Le travail : encore une question de survie pour moi. Indépendamment de l'aspect financier, je VEUX continuer à enseigner : les jambes sont malades, la tête fonctionne encore, merci. Peut-être est-ce parce que, quand j’enseigne ("mes roues "dans le fond de la classe, assise sur le banc du prof pour "dominer" la situation… bref tout simplement pour ne pas être trop petite assise sur une chaise…), je ne ressens pas mon handicap. Non pas que je l’oublie… C’est fini ce temps-là, il n’y a que lorsque je dors que je l’oublie, et encore, même si parfois dans mes rêves, je marche ou je cours, souvent le handicap est aussi présent là… là aussi… Bref, continuer à aller de l’avant… c’est le cas de le dire quand il devient difficile de faire quelques pas sans appui. Ironie qui permet d’alléger, de se décharger, de faire comme si… Comme quand on me demande à l’école si ça va et que je réponds "ça roule"… Relation amour-haine vis-à-vis de cette chaise "roulante" : amour car que serais-je maintenant sans elle ? Que deviendrais-je ? Un légume qui finirait pas mourir dans son jardin ? Elle me sauve en roulant pour moi. Heureusement que les bras ont gardé leur force… Haine parce qu’elle est là comme une trace définitive de ce que je suis devenue.

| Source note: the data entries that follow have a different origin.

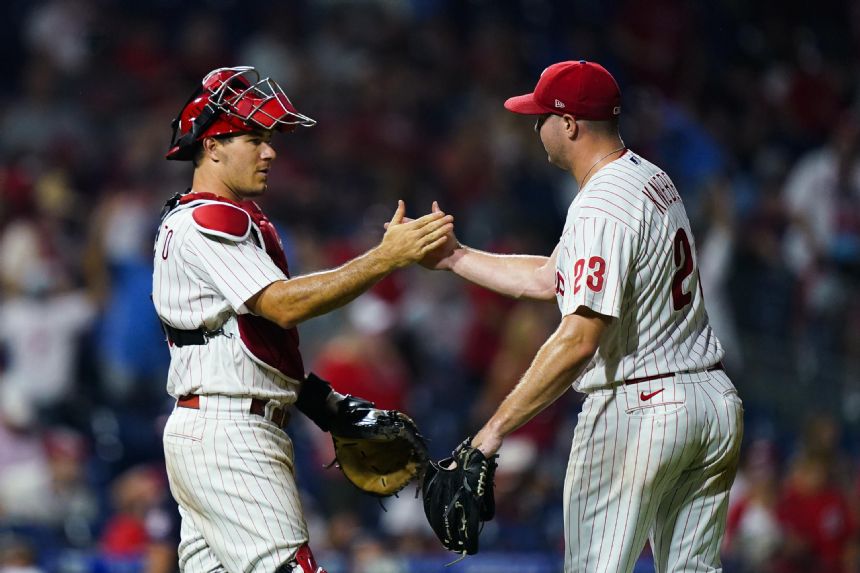 Phillies reliever Corey Knebel on 15-day IL with lat strain
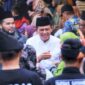 Calon Gubernur Kepri nomor urut satu Ansar Ahmad, saat melakukan kampanye dialogis di wilayah Tanjungpinang, Sabtu (2/11/2024). Matapedia6.com/ Dok Agus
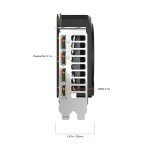 GIGABYTE GeForce RTX 5070 Ti WINDFORCE OC SFF 16G Graphics Card, 16GB 256-bit GDDR7, PCIe 5.0, WINDFORCE Cooling System, GV-N507TWF3OC-16GD Video Card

La première fois que je suis allée à l’école avec la chaise, quel nœud au creux du ventre : une reconnaissance "officielle" du fait qu’elle me devenait indispensable. J’avais espéré, naïvement, qu’elle resterait temporaire mais le temporaire s’est vite mué en définitif… Peur… Peur parce que je me demande jusqu’où la maladie va m’entraîner… Y aura-t-il un point de non-retour ? Et qu’on ne vienne pas me dire (même si les gens bien intentionnés le font, peut-être parce qu’ils ne savent pas quoi dire, peut-être parce que je leur fais peur…) que la science progresse et qu’un jour… Mise au point : la science progresse effectivement dans le traitement de la forme par poussées, c’est vrai, c’est indéniable même si l’on est encore loin d’une éventuelle guérison. Mais on n’a rien, strictement rien pour les formes progressives. J’imagine qu’un jour, on trouvera quelque chose mais je ne me fais guère d’illusions : ce sera trop tard pour moi. Impossible de faire marche arrière. Ce qui a été détruit restera détruit. Inutile de me bercer de "peut-être" qui ne réussiront qu’à endormir ma vigilance… ou plutôt devrais-je dire ma rage ? Car je connais des moments où j’enrage véritablement, où j’ai envie de hurler à l’injustice. Pourquoi moi ? Mais c’est ridicule de se dire ce genre de chose car toute personne qui souffre se demande pourquoi elle plutôt qu’une autre… Ne sait-on pas que les malheurs n’arrivent toujours qu’aux autres jusqu’au jour où… Difficile alors de continuer à voir le soleil et pourtant, parfois, les rayons réussissent à percer les nuages…
Par Pascale, 42 ans, professeur de français, sclérose en plaques depuis 1983, Belgique.